(Web page caption snippets)
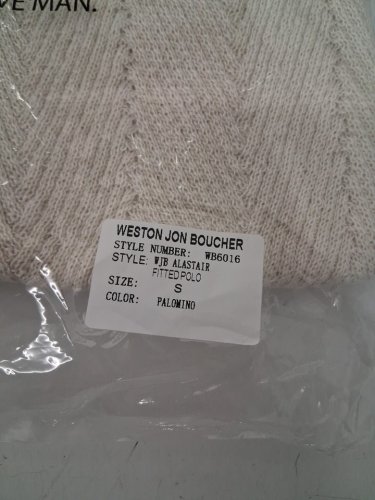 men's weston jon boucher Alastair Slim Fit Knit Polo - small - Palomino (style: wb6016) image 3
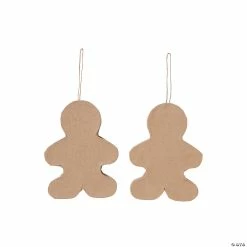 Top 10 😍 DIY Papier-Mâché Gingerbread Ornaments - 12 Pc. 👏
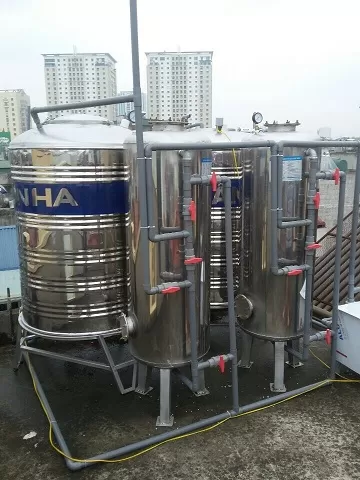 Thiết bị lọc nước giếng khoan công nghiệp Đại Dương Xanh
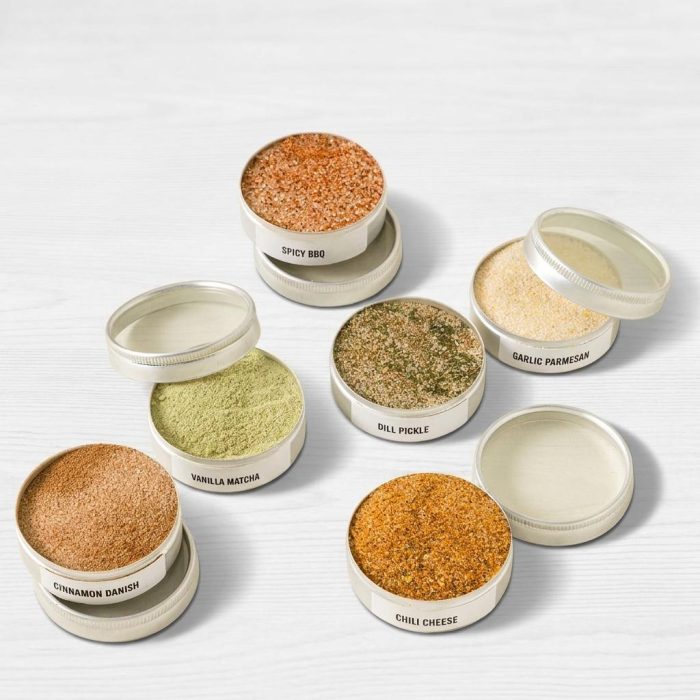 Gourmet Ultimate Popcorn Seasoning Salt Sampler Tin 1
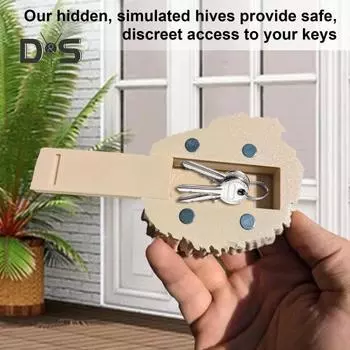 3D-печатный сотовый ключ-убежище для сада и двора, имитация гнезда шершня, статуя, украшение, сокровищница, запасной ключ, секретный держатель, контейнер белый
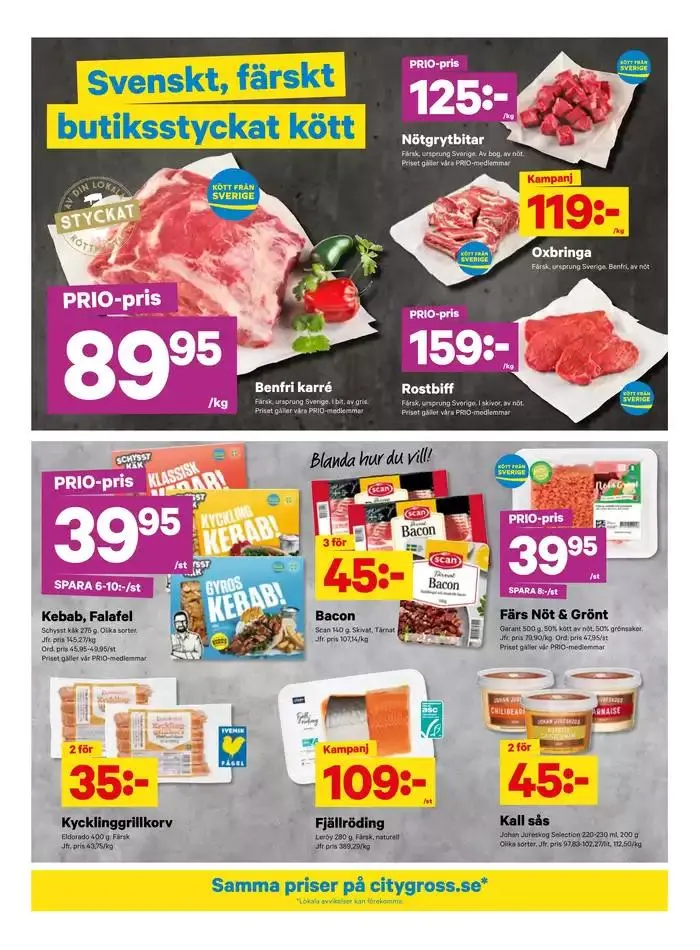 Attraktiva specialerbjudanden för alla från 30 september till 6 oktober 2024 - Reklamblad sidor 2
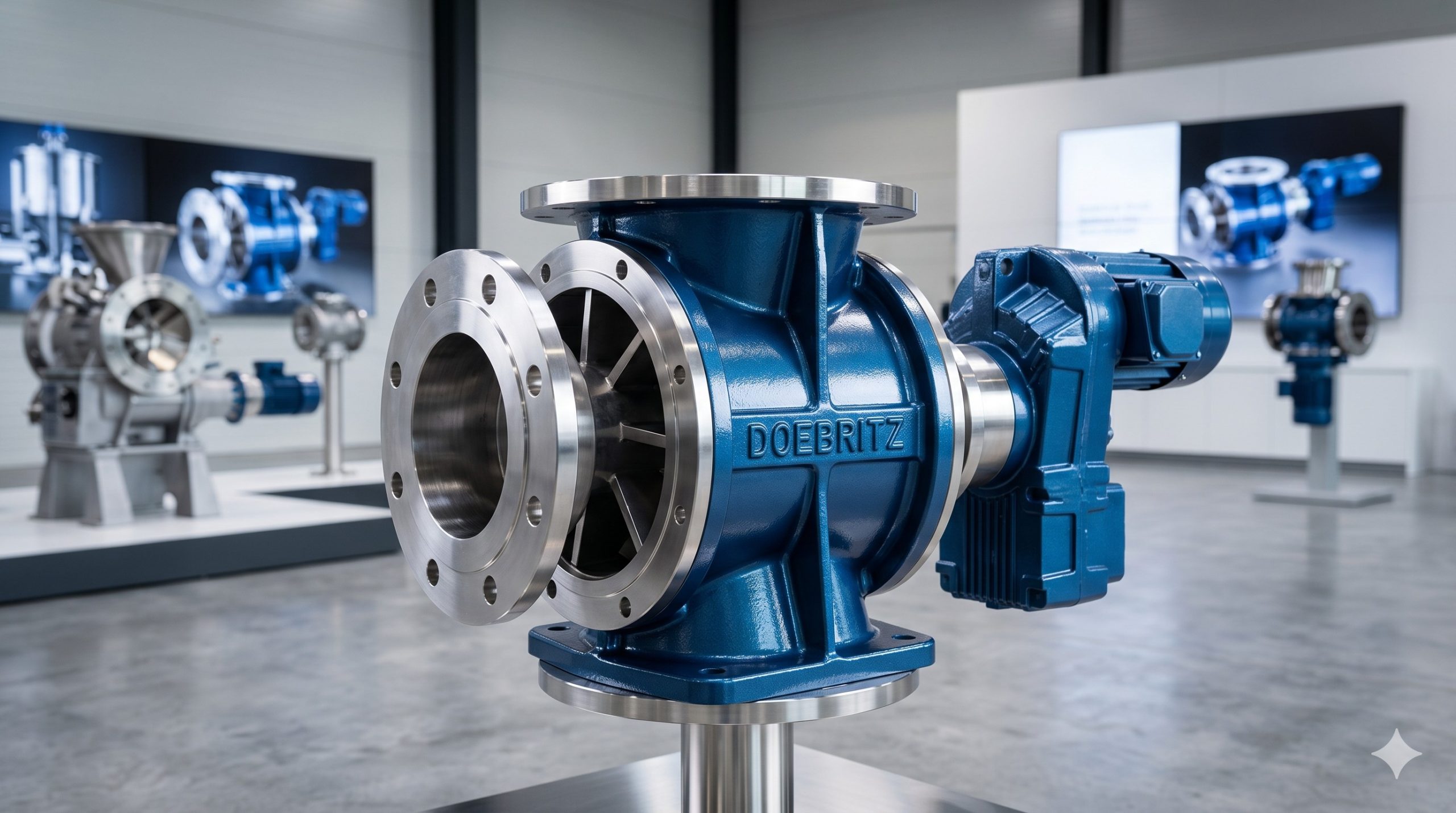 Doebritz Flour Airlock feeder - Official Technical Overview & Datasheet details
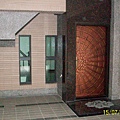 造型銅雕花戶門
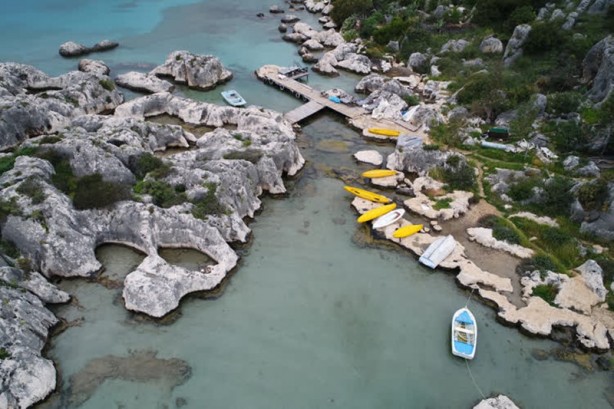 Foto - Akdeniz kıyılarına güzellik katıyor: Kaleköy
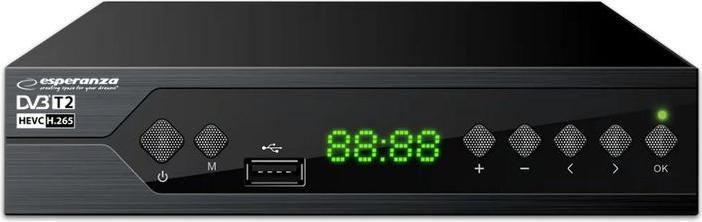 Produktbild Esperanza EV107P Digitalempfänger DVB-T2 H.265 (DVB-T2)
...
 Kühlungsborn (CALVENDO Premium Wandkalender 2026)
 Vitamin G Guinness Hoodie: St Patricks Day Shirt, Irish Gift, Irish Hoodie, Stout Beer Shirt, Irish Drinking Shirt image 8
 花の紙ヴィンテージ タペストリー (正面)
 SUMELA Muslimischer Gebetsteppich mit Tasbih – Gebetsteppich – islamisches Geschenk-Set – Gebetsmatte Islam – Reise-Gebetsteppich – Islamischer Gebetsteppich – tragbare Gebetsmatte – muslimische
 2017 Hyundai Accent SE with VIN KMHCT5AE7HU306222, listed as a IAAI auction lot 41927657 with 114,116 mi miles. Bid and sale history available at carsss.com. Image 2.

PROBLEM REQUIREMENTS | Repeat the lines above exactly, beginning with the one containing "3D-печатный сотовый ключ-убежище" and finishing with the one containing "Produktbild Esperanza EV107P". No pictures belong in the copy.

RESULT BELOW |
 3D-печатный сотовый ключ-убежище для сада и двора, имитация гнезда шершня, статуя, украшение, сокровищница, запасной ключ, секретный держатель, контейнер белый
 Attraktiva specialerbjudanden för alla från 30 september till 6 oktober 2024 - Reklamblad sidor 2
 Doebritz Flour Airlock feeder - Official Technical Overview & Datasheet details
 造型銅雕花戶門
 Foto - Akdeniz kıyılarına güzellik katıyor: Kaleköy
 Produktbild Esperanza EV107P Digitalempfänger DVB-T2 H.265 (DVB-T2)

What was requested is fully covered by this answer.